C’est également par référence au légendaire traditionnel que les histoires européennes d’auto-stoppeuses fantômes parlent souvent de Dames blanches (Dumerchat, 1990), telles que la célèbre « Dame blanche de Palavas » (Hérault) qui a défrayé la chronique au printemps 1981 (Campion-Vincent & Renard, 2002). Ici, ce n’est plus le fantôme effrayant d’une mère meurtrière qui est évoqué, mais une figure bienveillante et protectrice.
3. L’interprétation de la légende
La croyance en l’existence de la Llorona, alimentée par les témoignages de personnes qui prétendent l’avoir entendue ou aperçue, remplit d’abord un rôle assez classique de Croquemitaine auprès des enfants, en les dissuadant de sortir la nuit et d’aller jouer dans des lieux dangereux comme les bords des cours d’eau ou les décharges publiques. Le folklore mondial abonde en croquemitaines divers, depuis le Père Fouettard jusqu’aux sirènes qui enlèvent les enfants au bord de l’océan, en passant par le Bogeyman anglais et el Coco espagnol, tous personnages effrayants dont on menace les enfants pour qu’ils soient sages. Le rapprochement entre la Llorona et la sirène se justifie doublement : d’une part à cause du rôle de l’eau dans la légende, d’autre part parce que la déesse aztèque Cihuacoatl, qui est l’autre modèle vraisemblable de la mère meurtrière mexicaine, est une femme-serpent.

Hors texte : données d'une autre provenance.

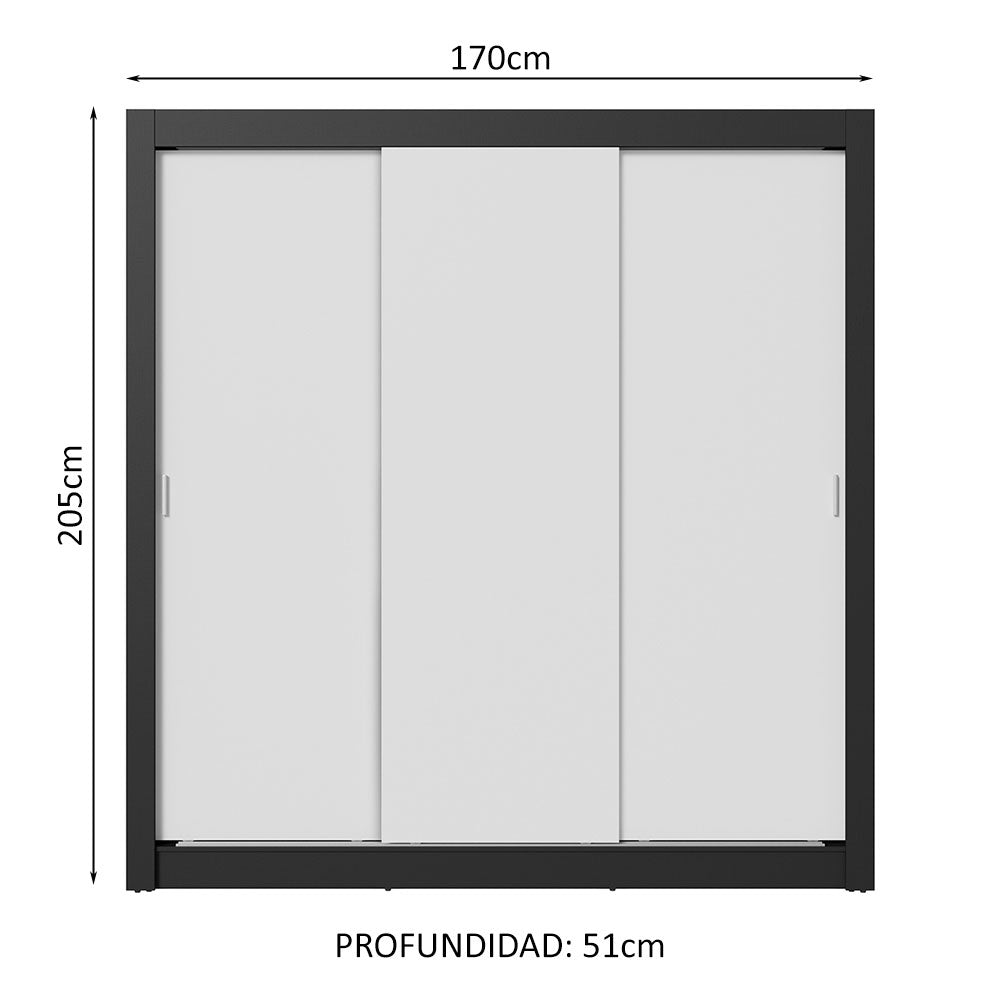 Clóset Matrimonial 170 cm 3 Puertas Corredizas 2 Cajones Negro/Blanco Sublime Madesa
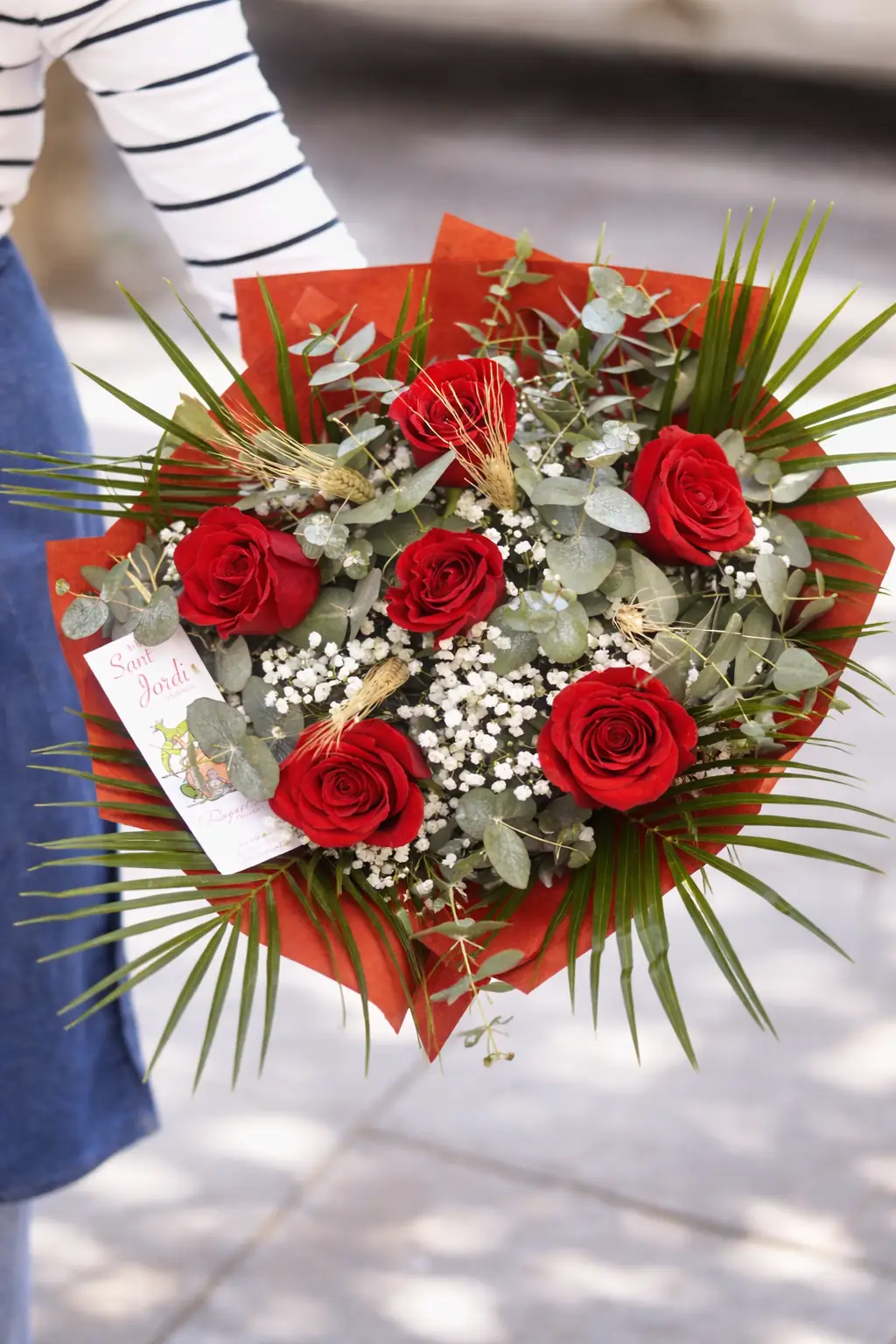 Ramo de 6 Rosas Rojas Sant Jordi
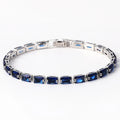 Gold or platinum electroplated women's bracelet with coloured zircon stones in ins style.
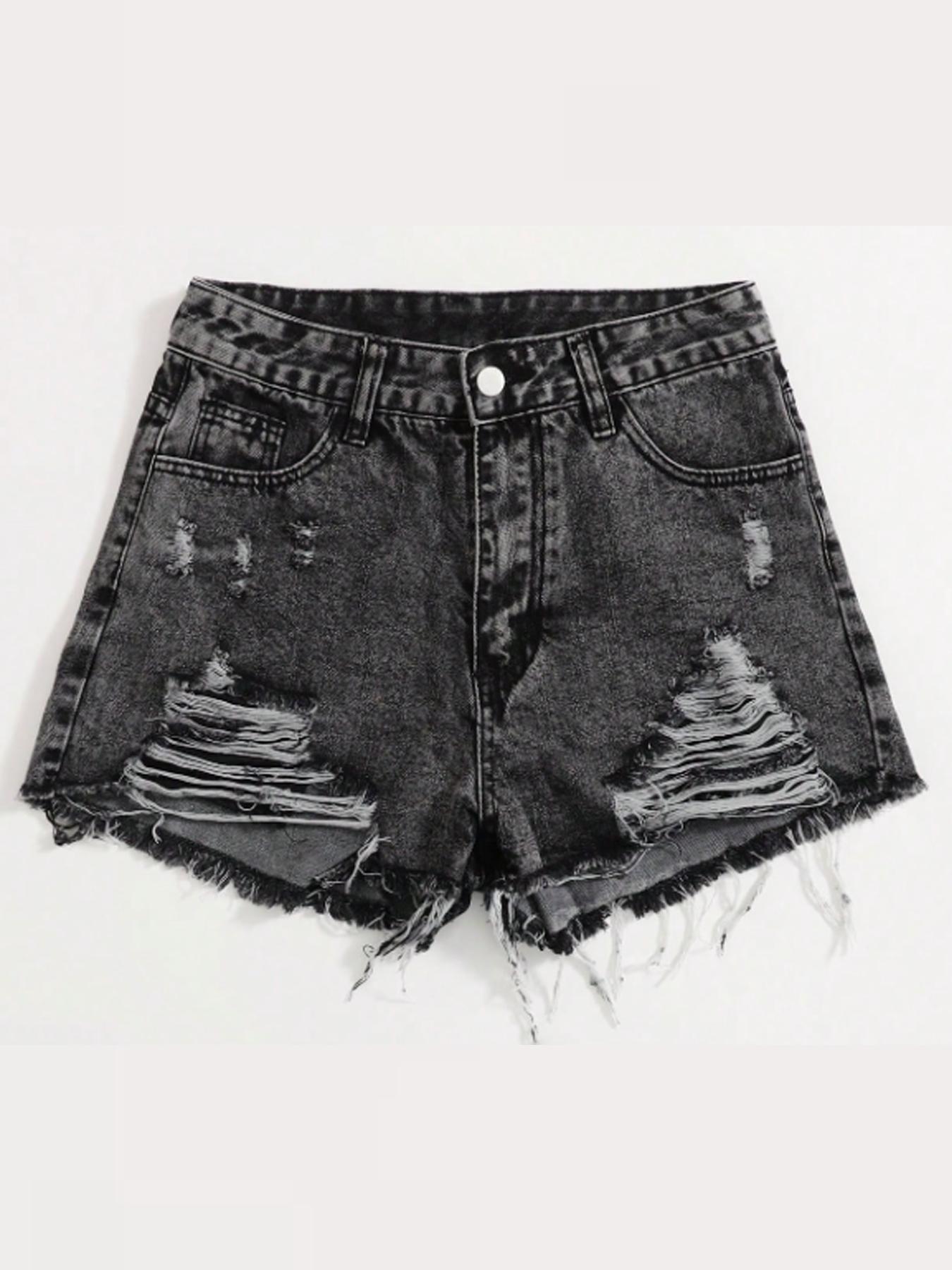 Women's  Ripped Button Front, Casual High Waist for Summer, Fashion Women's Bottoms for Daily Wear, Frayed Hem Shorts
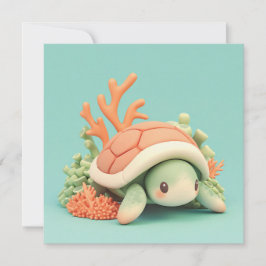 3D-Ton-Seeschildkröte mit orangem Korallenriff - P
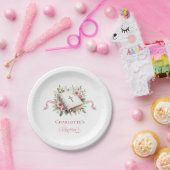 Moderne roze bloem doop papieren bord (Feest)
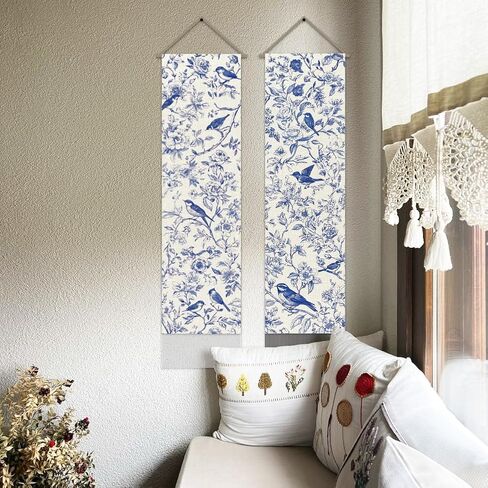 AHANDMAKER حزمة من 2 الأزرق والأبيض Chinoiserie الأزهار الطيور المفروشات، العمودي النمط الصيني الجمالية نسيج طويل، ستارة المدخل شرابة الجدار شنقا لغرفة النوم غرفة المعيشة، 13 × 51 بوصة in Kuwait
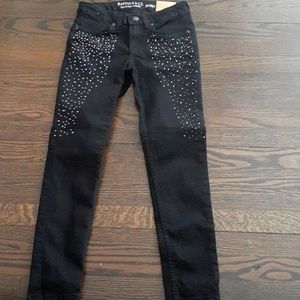 Girls black skinny jeans w/stones
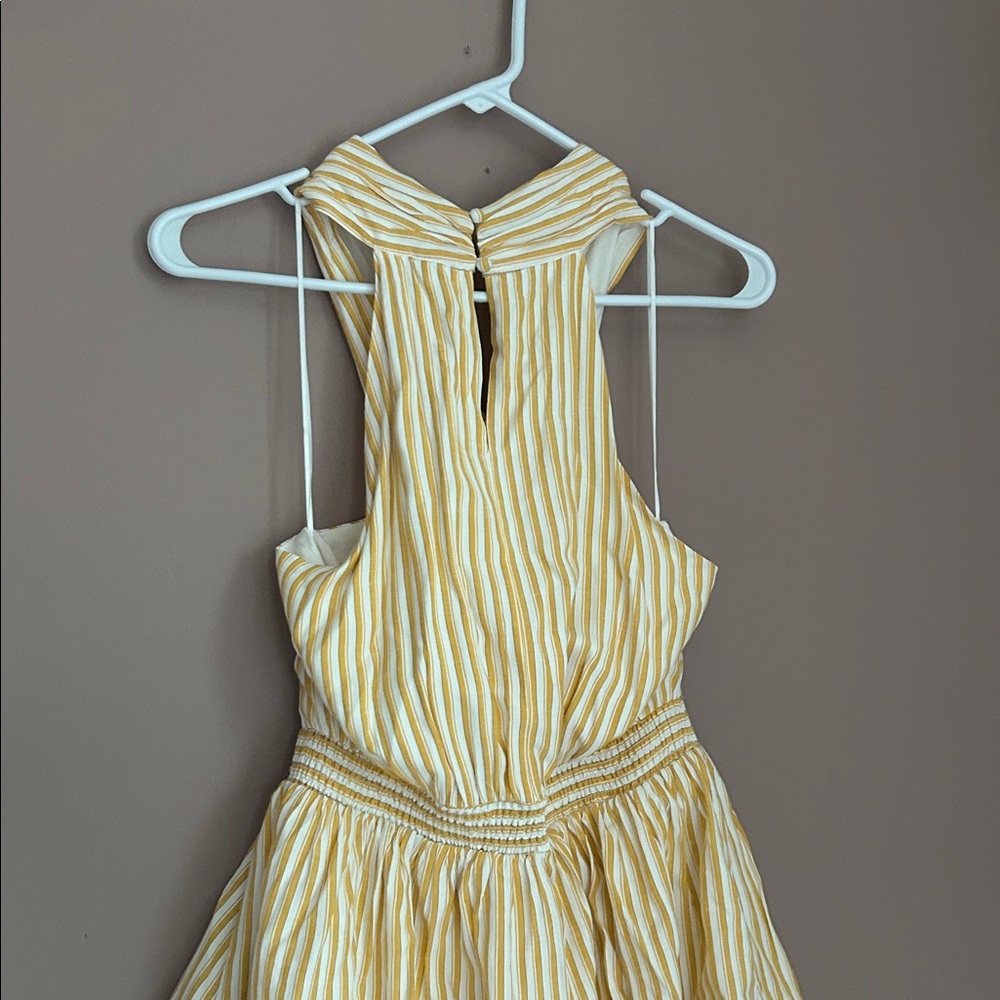 NWT Skies are Blue Yellow Stripes Tiered Halter Maxi Dress Size Small - Picture 5 of 15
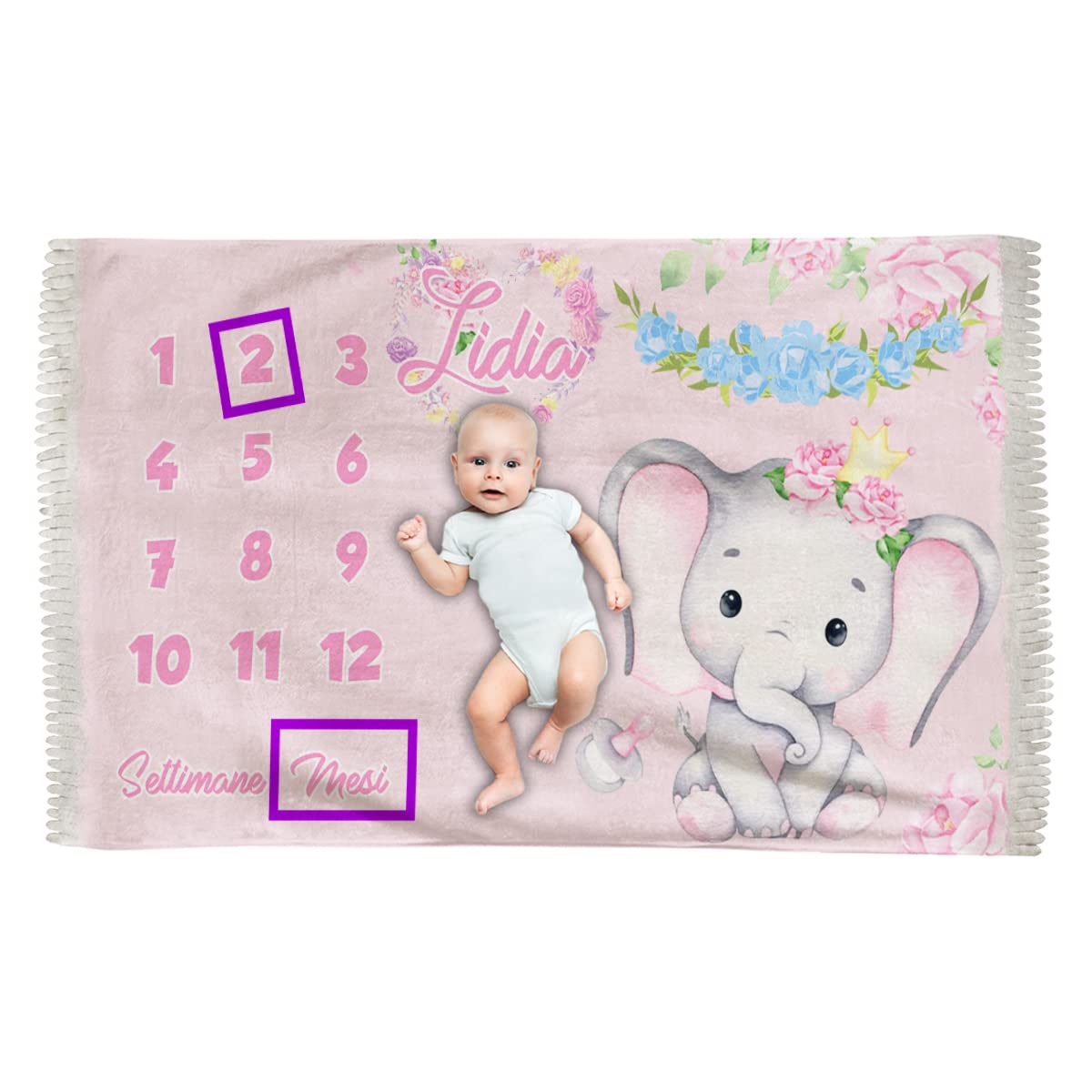 Copertina complimese neonata 1-12 personalizzabile con nome, 150x100 cm in pile, stampa ad alta definizione, kit riquadri incluso, idea regalo nascita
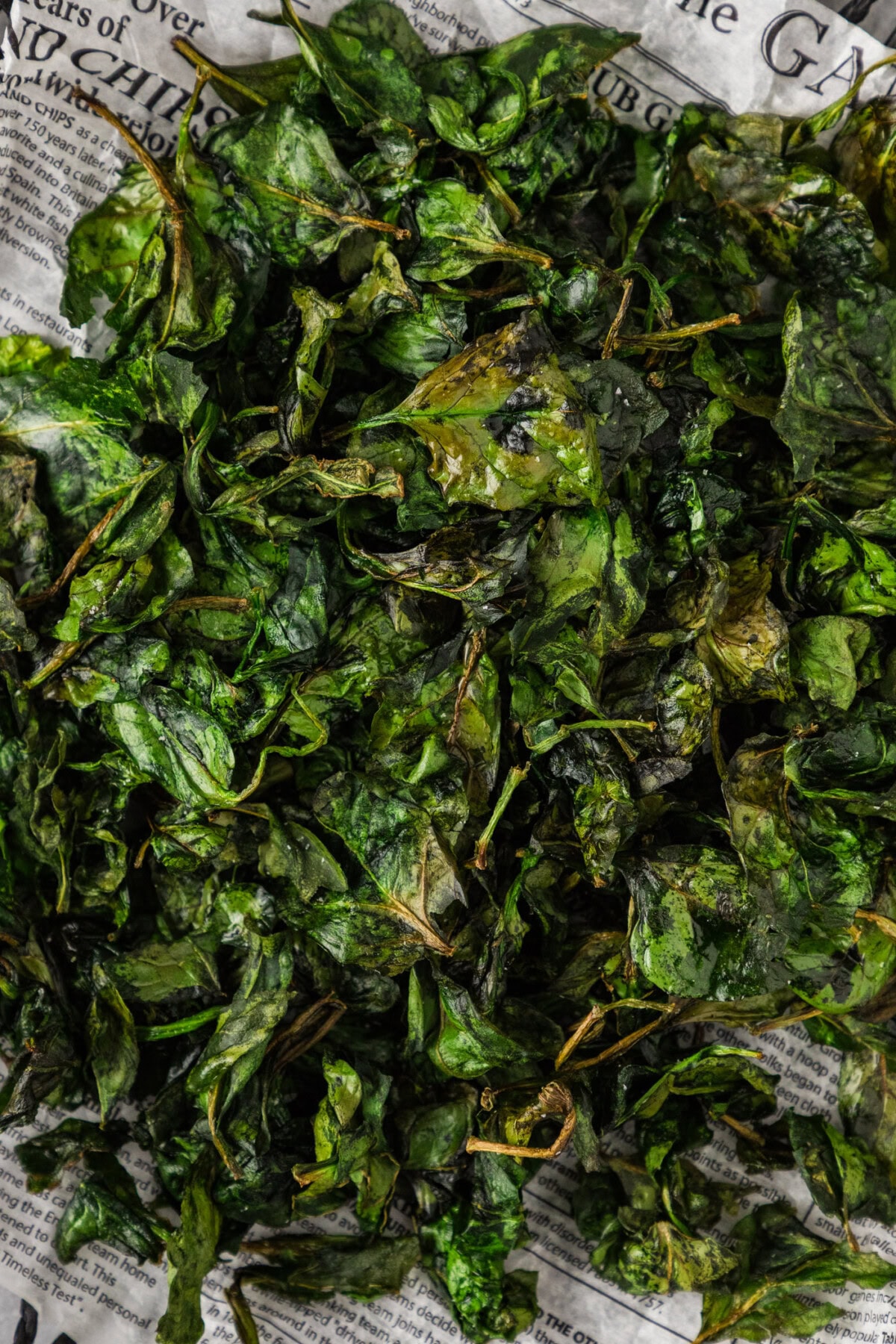 Close up photo of Crispy Air Fryer Spinach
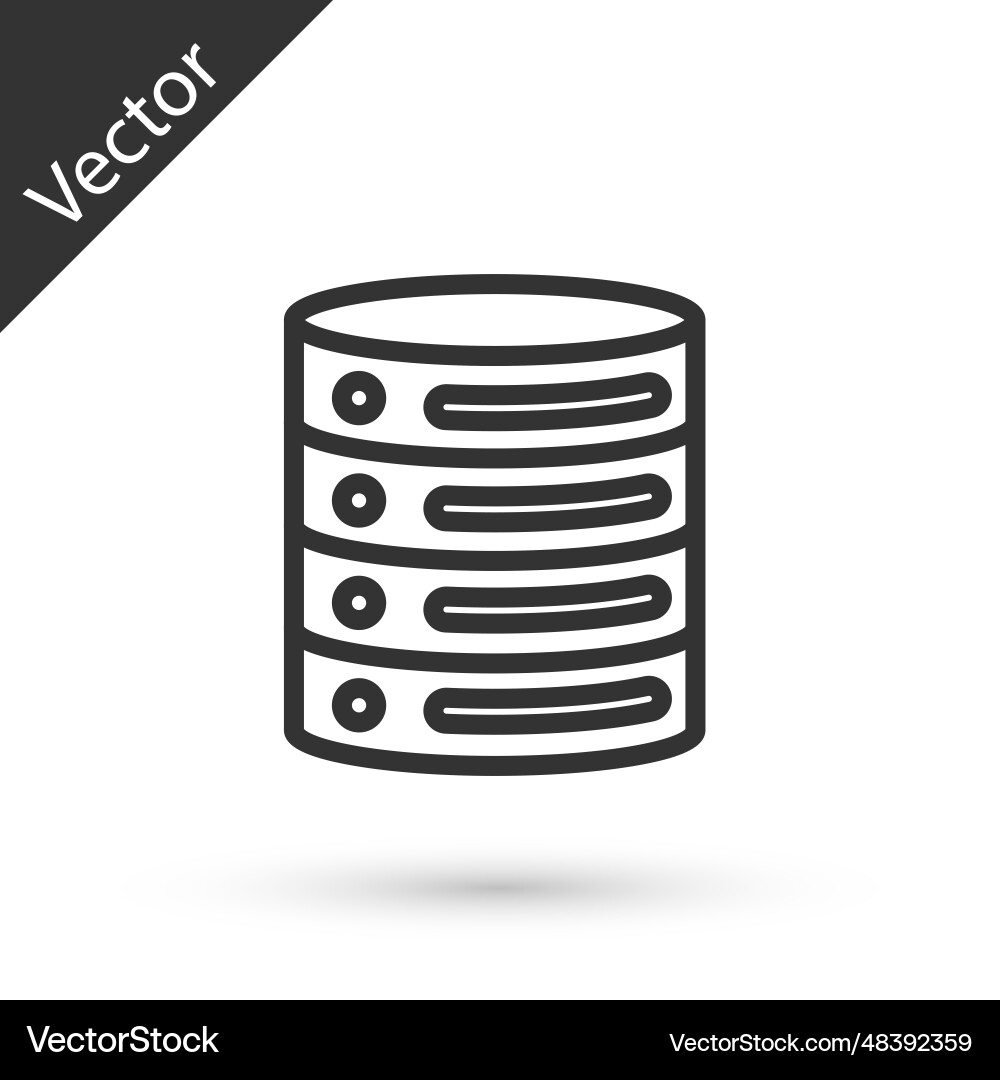 Grey line server data web hosting icon isolated Grey line server data web hosting icon isolated vector image
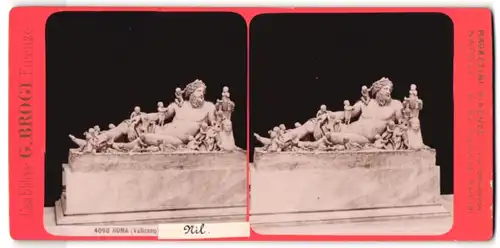 Stereo-Fotografie G. Brogi, Firenze, Ansicht Roma / Vaticano, Statue Flussgott Nil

Plus fondamentalement, la fascination qu’exerce la légende de la Llorona réside dans une peur ancrée dans les tréfonds de l’âme humaine, celle de la Mauvaise Mère, la Mère Terrible présente dans de nombreuses mythologies et évoquée par les psychanalystes (Lee-Herbert, 2018). Si des versions tardives de la légende racontent pudiquement que la femme pleure parce qu’elle a « perdu » ses enfants (Arora, 2000), la grande majorité des récits parlent explicitement du meurtre des enfants par leur mère, meurtre qui est à l’origine de la punition divine la condamnant à revenir sur terre sous forme d’un fantôme errant. Pour chaque être humain, mais spécialement pour les enfants, l’infanticide est une idée angoissante, qui se décline de l’indifférence jusqu’au meurtre, en passant par l’abandon. Ainsi, le motif de la décharge publique s’explique aisément : il s’agit du lieu où l’on abandonne, où l’on jette ce qui n’a plus de valeur et dont on veut se débarrasser. Pour les femmes, et avant tout pour les mères, l’infanticide prend naturellement une dimension supplémentaire : ce n’est plus la peur d’être tué par sa mère, c’est la peur d’être une mère qui tue ses enfants. Les psychanalystes parlent du complexe de Médée (Depaulis, 2008), en référence au personnage de la mythologie grecque qui tue ses deux enfants par jalousie et vengeance envers leur père, Jason, qui courtise une autre femme. La malédiction de la Llorona, mère meurtrière, se poursuit lorsque son fantôme enlève des enfants pour les faire disparaître.
À ces explications psychanalytiques s’ajoute un contexte sociologique particulier du rapport aux enfants en Amérique latine : depuis les années 1960, les pays d’Amérique latine sont des pourvoyeurs pour l’adoption d’enfants par des Européens ; les violences urbaines se traduisent parfois par des enlèvements et des morts d’enfants ; enfin, les abandons d’enfants y sont fréquents, alimentant les bandes d’« enfants des rues ». Comme l’écrit Catherine Vincent dans un article du Monde sur les enfants déracinés et abandonnés, ce phénomène est « déjà ancien en Amérique latine » (Vincent, 2009). Réelles ou fantasmatiques, les affaires d’abus sexuel d’enfants ont également contribué à susciter une culpabilité sociale ambiante (Campion-Vincent, 2008). On peut donc faire l’hypothèse que l’imaginaire latino-américain – et sans doute au-delà – exprime aujourd’hui de manière symbolique, à travers la légende de la Llorona, l’inquiétude et le remords collectifs devant la maltraitance et l’abandon des enfants.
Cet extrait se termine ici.